If perhaps you don’t know me or this is your first visit to my blog I would recommend you start with another one. I seldom right about personal struggles and this blog was written while processing through some hard times.
I’m positively a positive person. I do my best to face life with a great attitude and an encouraging outlook. I think we all know of people who tend to complain, and whine through all of life. They can be the black holes of our relational Universe as their gravity sucks the life from our souls. Negativity is a contagious mistress who loves company. We often walk hand in hand down her easy path. I find in my own life that I reflect the image of those I spend time with. This past year as I have walked with others through anger, hopelessness, and depression, negativity is what I find in the mirror. At first I fought her, eventually I tolerated her, and now I find myself in her embrace. The past couple of months have been hard. The loss of my job, the loss of three job opportunities, the loss of being able to run, the loss of running in the Hood to Coast, my bike breaking, my ipod breaking, my car window breaking , my car breaking down, are just the highlights of this vortex of negativity. I do my best to keep this vortex inside and yet at times it spills out. I loathe that this demon has taken root. It isn’t who I am. The past three years have held many challenges. I have changed. Three years of hard physical labor and a work environment which is calloused and unfeeling have left me the same. I sometimes look back in the rearview mirror of my life with great disappointment knowing that these past three years I have neglected the very foundation of my life. I believe that joy translates any circumstance. Joy is the fruit of intimacy with my Father. The poison within is the fruit of neglect.
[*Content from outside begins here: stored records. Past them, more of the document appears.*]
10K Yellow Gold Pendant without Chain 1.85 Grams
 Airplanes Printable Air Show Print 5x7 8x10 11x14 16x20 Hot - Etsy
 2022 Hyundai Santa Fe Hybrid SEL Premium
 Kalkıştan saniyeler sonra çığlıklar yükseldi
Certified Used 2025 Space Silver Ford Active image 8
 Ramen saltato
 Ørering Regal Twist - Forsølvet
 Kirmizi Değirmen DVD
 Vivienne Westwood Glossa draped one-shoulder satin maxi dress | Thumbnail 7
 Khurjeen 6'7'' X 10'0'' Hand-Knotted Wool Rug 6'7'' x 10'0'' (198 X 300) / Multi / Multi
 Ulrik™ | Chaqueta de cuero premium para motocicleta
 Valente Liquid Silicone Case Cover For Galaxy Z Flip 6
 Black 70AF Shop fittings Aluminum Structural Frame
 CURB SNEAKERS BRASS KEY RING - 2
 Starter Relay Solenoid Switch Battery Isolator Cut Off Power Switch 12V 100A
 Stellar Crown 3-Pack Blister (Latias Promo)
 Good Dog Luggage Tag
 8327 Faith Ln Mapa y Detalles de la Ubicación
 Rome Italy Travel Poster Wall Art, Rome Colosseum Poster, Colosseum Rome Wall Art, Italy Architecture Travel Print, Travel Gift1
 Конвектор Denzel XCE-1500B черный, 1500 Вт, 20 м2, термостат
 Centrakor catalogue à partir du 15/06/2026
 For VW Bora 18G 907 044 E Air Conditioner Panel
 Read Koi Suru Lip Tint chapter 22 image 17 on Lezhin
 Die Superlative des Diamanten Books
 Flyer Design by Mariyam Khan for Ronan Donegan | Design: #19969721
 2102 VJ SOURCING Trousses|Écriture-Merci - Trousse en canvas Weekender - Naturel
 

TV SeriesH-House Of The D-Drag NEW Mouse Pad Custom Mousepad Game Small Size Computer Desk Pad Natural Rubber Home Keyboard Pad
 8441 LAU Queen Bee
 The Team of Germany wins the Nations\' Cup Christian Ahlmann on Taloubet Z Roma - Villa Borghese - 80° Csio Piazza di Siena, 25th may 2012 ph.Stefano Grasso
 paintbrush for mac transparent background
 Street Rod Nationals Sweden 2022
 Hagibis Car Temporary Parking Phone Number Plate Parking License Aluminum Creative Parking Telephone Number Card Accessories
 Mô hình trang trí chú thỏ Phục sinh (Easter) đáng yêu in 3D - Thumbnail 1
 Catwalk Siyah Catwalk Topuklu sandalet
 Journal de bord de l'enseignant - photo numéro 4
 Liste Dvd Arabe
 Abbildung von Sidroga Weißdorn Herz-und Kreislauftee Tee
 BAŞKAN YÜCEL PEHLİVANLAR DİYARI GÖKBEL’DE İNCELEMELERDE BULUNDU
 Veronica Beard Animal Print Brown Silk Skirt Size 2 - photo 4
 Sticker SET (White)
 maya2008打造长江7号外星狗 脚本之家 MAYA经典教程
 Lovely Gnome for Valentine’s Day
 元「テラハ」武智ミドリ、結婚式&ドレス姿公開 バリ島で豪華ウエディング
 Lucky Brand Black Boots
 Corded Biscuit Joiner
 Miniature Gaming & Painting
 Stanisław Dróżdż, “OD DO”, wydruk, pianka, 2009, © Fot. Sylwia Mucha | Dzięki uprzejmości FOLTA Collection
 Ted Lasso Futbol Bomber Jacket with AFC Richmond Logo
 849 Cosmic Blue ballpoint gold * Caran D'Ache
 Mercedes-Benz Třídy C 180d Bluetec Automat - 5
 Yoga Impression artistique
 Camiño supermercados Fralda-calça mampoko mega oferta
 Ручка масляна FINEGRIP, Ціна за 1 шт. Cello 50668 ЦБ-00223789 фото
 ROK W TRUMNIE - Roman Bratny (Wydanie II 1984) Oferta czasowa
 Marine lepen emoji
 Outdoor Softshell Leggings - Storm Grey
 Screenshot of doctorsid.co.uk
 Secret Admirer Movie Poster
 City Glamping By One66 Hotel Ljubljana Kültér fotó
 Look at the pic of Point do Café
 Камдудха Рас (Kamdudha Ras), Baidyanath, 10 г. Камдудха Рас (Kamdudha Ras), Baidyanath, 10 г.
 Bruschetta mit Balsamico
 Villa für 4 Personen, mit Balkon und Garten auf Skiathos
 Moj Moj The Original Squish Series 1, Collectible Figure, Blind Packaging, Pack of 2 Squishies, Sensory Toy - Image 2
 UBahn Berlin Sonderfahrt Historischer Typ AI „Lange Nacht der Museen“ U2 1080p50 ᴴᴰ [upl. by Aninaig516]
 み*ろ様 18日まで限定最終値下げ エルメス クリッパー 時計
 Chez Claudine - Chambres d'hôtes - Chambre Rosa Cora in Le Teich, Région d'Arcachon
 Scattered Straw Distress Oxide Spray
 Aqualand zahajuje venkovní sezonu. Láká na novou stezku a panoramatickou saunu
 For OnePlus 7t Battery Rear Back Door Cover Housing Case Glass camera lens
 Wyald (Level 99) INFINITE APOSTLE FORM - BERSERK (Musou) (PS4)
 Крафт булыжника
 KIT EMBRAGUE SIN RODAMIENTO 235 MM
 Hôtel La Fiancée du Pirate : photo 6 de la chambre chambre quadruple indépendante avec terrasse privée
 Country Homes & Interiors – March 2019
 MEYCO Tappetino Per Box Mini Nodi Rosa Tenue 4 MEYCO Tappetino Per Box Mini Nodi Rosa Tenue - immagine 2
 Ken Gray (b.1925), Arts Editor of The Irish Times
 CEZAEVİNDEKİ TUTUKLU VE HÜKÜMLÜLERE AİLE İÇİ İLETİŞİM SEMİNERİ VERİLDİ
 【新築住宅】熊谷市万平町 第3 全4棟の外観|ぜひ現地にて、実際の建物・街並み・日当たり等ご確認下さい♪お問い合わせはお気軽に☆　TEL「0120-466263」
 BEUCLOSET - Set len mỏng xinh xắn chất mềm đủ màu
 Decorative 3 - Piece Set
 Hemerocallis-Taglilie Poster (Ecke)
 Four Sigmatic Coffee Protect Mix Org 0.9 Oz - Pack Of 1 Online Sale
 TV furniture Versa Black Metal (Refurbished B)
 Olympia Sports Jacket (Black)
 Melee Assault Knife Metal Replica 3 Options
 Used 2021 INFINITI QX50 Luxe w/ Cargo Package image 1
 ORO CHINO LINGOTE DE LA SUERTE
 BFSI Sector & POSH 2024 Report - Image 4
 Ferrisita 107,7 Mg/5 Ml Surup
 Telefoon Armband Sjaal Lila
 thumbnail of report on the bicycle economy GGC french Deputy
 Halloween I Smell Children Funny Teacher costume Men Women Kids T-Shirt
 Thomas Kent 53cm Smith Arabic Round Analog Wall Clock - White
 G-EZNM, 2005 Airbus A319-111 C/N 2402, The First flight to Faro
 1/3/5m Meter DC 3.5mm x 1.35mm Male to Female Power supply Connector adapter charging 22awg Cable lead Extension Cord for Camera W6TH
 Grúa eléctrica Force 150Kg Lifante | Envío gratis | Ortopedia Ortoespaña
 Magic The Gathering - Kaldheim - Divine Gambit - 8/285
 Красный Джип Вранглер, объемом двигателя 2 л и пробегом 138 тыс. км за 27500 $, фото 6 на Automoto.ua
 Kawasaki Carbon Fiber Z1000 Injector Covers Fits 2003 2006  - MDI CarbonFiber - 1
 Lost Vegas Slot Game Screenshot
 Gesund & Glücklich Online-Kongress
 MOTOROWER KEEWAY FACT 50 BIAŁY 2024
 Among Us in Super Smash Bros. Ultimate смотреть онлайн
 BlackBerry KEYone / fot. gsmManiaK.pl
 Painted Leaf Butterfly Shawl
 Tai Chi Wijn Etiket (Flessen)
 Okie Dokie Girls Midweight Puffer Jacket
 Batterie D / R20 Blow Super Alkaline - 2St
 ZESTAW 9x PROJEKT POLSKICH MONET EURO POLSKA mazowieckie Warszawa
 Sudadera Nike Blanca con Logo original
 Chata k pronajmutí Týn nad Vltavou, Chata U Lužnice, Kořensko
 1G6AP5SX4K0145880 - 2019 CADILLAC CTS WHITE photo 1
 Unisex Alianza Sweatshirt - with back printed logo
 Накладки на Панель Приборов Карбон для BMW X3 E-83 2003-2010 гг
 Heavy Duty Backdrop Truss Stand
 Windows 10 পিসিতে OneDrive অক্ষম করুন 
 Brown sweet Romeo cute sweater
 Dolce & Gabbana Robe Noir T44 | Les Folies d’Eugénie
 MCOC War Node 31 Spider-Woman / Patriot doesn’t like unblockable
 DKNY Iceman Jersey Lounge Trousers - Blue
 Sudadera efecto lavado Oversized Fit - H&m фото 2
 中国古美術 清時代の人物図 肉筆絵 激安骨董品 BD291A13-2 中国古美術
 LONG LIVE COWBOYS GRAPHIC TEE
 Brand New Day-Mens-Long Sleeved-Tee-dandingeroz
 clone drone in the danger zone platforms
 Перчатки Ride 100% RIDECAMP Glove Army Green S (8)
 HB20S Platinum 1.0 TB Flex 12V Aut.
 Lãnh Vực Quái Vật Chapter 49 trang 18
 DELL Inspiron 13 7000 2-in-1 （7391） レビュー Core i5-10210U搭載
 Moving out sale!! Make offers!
Understanding how I arrived here gives me great hope of how I can return to who I desire to become. Reflecting the image of those I spend time with will be the main focus of my unemployment. My early hours will once again belong to the Lord. The greatest desire of man is intimacy with God. I believe that is the very reason that I was created. My greatest goal during these days of uncertainty is hanging out with God. I also plan to spend much time with my wife, kids’, family, and friends. Spending time with them fuels my soul and brings love to my life. Jesus once said that out of the mouth flow the abundance of the heart. He also asked us to speak little, listen much, and be slow to anger. I’m looking forward to the upcoming weeks as I’m trusting it will become a transformation of heart, word, and attitude. I’m thirsty for Living Water and I plan to drink deep and long. As I said before I’m positively a positive person and Stevey Wonders how you rise above negativity? Please let me know your thoughts.